# Fiamma flip over door locks – Oxidising under paint?



## Glandwr (Jun 12, 2006)

Hi I have 3 of the flip over type locks fitted and every one is corroding around the lock barrel with large blisters spreading and the paint flaking. They look very unsightly the worst is almost completely covered with the white oxidisation looking like giant acne.

I am having some body work done after an incident on the M6 (insurance) and thought that I might ask the chap to run the spray gun over them. I would take them off and rub down myself.

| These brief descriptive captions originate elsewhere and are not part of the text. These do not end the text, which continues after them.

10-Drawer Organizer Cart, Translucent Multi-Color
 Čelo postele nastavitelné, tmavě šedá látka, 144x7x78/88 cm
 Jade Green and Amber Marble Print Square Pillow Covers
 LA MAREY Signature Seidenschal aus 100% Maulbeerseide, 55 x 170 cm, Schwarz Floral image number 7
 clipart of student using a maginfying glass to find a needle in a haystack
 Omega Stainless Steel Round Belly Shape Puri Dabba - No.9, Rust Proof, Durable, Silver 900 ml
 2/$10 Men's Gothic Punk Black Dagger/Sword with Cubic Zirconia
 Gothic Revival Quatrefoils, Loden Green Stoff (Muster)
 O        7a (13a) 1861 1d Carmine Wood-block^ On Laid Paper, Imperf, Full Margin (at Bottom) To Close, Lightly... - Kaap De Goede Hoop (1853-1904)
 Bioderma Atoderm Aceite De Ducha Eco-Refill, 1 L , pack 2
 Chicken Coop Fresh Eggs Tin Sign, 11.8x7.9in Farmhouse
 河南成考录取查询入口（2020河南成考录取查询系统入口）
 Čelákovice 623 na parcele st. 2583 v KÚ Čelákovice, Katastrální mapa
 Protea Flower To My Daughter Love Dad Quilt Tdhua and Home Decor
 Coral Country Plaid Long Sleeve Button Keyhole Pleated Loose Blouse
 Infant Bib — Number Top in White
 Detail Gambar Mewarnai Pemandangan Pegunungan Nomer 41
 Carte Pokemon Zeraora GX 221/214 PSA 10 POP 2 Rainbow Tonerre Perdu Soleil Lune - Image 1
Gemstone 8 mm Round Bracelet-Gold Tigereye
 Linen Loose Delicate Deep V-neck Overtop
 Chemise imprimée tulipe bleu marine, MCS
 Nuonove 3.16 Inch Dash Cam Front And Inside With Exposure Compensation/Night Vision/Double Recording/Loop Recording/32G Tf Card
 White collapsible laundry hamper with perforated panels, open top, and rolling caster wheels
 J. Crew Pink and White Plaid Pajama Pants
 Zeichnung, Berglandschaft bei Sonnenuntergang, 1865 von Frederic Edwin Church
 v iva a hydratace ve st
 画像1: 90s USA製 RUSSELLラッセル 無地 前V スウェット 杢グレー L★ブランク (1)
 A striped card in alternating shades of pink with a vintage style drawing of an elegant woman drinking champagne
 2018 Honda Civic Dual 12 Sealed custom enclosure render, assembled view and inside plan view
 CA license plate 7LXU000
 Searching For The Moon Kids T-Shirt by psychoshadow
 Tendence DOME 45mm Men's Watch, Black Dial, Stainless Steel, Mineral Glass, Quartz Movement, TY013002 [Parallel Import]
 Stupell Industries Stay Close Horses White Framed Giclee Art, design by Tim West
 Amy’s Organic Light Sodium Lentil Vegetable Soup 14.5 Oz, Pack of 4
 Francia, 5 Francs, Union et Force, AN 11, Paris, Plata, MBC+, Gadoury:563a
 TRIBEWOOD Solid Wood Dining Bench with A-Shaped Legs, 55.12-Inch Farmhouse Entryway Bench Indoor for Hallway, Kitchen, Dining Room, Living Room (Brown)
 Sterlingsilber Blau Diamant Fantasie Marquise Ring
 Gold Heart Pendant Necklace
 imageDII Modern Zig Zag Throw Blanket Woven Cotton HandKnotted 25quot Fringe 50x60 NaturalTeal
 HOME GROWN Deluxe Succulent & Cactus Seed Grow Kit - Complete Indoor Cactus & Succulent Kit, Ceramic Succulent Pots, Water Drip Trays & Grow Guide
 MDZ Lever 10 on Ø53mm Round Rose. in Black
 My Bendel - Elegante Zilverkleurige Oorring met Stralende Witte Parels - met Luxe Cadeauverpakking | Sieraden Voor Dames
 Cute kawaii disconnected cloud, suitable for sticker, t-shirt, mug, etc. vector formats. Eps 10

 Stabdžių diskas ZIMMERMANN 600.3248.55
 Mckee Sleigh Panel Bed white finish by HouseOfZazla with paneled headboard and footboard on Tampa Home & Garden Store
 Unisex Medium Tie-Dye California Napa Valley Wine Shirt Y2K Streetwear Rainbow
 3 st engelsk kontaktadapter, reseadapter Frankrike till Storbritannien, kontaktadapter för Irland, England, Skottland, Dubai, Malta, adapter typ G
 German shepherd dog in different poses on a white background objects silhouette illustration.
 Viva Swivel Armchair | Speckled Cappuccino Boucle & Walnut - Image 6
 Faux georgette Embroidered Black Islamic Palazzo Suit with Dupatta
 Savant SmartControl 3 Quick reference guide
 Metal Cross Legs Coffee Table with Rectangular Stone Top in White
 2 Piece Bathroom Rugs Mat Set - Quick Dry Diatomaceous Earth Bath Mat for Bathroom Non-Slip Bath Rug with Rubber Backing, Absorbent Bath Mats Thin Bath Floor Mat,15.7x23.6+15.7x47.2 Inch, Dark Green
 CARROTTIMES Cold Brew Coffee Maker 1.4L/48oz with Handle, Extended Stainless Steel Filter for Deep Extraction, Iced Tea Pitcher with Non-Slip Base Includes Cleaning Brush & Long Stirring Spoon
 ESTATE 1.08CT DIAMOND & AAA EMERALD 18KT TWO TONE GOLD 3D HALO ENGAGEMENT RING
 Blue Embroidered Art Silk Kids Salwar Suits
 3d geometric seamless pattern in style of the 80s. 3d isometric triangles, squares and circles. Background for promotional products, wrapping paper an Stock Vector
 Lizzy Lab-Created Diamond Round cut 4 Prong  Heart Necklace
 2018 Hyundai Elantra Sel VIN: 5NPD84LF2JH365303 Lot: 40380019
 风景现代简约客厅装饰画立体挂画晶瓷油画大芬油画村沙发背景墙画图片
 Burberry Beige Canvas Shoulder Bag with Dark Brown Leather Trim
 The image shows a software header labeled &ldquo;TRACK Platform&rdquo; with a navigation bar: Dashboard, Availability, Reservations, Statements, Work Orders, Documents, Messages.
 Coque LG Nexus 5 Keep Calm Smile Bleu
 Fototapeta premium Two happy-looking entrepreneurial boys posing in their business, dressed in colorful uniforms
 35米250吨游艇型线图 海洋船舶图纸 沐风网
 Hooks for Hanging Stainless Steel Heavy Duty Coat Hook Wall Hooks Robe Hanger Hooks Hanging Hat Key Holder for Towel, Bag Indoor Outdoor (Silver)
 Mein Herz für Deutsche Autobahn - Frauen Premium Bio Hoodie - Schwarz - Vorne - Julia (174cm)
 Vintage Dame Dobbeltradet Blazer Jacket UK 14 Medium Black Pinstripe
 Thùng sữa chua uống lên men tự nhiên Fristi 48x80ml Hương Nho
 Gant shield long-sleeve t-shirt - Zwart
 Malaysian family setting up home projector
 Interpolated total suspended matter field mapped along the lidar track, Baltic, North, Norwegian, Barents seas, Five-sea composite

He said that although he would do it if I wanted that it would be very temporary. Once ally has reacted like that he said that there was no amount of preparation and primer that would stop it. What do you think? A new set of 3 would be about £110.

Dick


----------



## nukeadmin (Oct 10, 2003)

hold old are they Dick ?
They are Fiamma Safe Doors, if they are mounted through the side of the van they are standard type, if they are screwed into the door frame itself they are Safe Door Frames.

Unusual for them to be like that, might still be under warranty


----------



## Glandwr (Jun 12, 2006)

Thanks for the concern Nuke. It’s a 04 van and I’ve had it since 09 I suspect that the locks were fitted new (probably in Germany) so I imagine they are out of warranty. They are the grey bolt through the body type ones.

I was hoping for someone familiar with the properties of aluminum that would say whether I would in fact be wasting my time.

Dick


----------



## Mrplodd (Mar 4, 2008)

The chap at the body shop has already given you professional advice hasnt he?? :roll: :roll:


----------



## Glandwr (Jun 12, 2006)

Mrplodd said:


> The chap at the body shop has already given you professional advice hasnt he?? :roll: :roll:


Thanks for your help Mr Plodd, I hope that you enjoy the rest of your day  . I have come across "experts" who have no idea of technological improvements made made for decades. I was wondering if a new treatment/primer had been developed?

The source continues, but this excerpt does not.